• **Dataset content**:
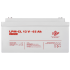 Акумулятор гелевий LPM-GL 12V - 65 Ah Акумулятор гелевий LPM-GL 12V - 65 Ah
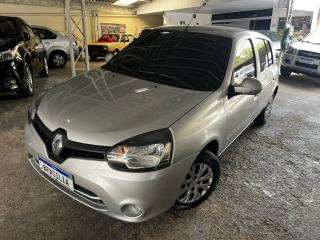 Foto do veículo Renault Clio 1.0 16v Hi-flex Expression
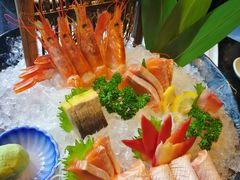 -梅筑·创意料理(王府井百货店)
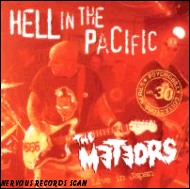 Hell in the Pacific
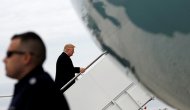Trump’ın mülteci programını askıya almasına yargı engeli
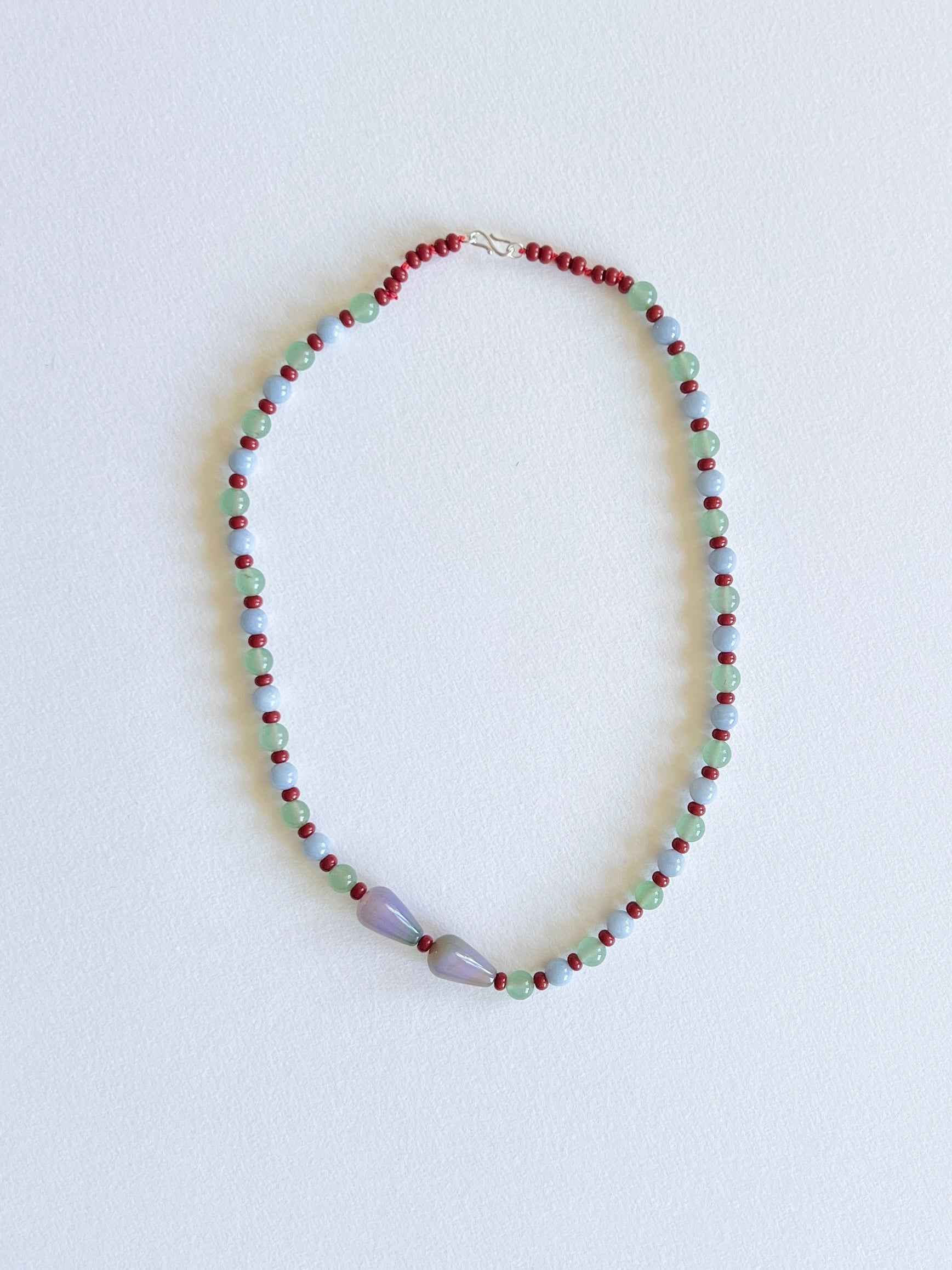 NECKLACE 12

• **The problem**: Your answer must be an exact transcription of the records above, minus the pictures.

• **Answer to this problem**:
 Акумулятор гелевий LPM-GL 12V - 65 Ah Акумулятор гелевий LPM-GL 12V - 65 Ah
 Foto do veículo Renault Clio 1.0 16v Hi-flex Expression
 -梅筑·创意料理(王府井百货店)
 Hell in the Pacific
Trump’ın mülteci programını askıya almasına yargı engeli
 NECKLACE 12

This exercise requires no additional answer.